Assignment. Reproduce every record below exactly as it appears.

Stored items.
####
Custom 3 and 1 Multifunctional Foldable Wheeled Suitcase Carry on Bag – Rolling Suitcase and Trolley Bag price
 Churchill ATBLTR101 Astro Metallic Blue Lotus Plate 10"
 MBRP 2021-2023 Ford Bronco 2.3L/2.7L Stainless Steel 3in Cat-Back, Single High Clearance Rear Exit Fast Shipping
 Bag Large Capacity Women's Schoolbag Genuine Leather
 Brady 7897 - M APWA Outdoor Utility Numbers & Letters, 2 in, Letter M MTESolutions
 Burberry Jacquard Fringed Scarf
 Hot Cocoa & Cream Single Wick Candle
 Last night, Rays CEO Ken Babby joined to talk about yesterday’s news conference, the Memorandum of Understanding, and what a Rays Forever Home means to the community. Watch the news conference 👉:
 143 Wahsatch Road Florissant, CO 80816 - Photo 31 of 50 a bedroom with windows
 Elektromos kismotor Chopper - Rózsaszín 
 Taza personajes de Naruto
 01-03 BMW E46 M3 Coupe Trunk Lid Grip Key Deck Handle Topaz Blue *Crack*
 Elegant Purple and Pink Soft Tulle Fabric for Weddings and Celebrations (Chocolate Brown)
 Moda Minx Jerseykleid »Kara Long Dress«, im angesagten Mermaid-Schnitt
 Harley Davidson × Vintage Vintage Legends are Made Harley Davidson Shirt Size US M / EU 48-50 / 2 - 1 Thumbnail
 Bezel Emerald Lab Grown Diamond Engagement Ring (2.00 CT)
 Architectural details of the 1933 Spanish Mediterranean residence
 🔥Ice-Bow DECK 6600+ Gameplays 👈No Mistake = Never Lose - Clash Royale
####
Task output.
Custom 3 and 1 Multifunctional Foldable Wheeled Suitcase Carry on Bag – Rolling Suitcase and Trolley Bag price
 Churchill ATBLTR101 Astro Metallic Blue Lotus Plate 10"
 MBRP 2021-2023 Ford Bronco 2.3L/2.7L Stainless Steel 3in Cat-Back, Single High Clearance Rear Exit Fast Shipping
 Bag Large Capacity Women's Schoolbag Genuine Leather
 Brady 7897 - M APWA Outdoor Utility Numbers & Letters, 2 in, Letter M MTESolutions
 Burberry Jacquard Fringed Scarf
 Hot Cocoa & Cream Single Wick Candle
 Last night, Rays CEO Ken Babby joined to talk about yesterday’s news conference, the Memorandum of Understanding, and what a Rays Forever Home means to the community. Watch the news conference 👉:
 143 Wahsatch Road Florissant, CO 80816 - Photo 31 of 50 a bedroom with windows
 Elektromos kismotor Chopper - Rózsaszín 
 Taza personajes de Naruto
 01-03 BMW E46 M3 Coupe Trunk Lid Grip Key Deck Handle Topaz Blue *Crack*
 Elegant Purple and Pink Soft Tulle Fabric for Weddings and Celebrations (Chocolate Brown)
 Moda Minx Jerseykleid »Kara Long Dress«, im angesagten Mermaid-Schnitt
 Harley Davidson × Vintage Vintage Legends are Made Harley Davidson Shirt Size US M / EU 48-50 / 2 - 1 Thumbnail
 Bezel Emerald Lab Grown Diamond Engagement Ring (2.00 CT)
 Architectural details of the 1933 Spanish Mediterranean residence
 🔥Ice-Bow DECK 6600+ Gameplays 👈No Mistake = Never Lose - Clash Royale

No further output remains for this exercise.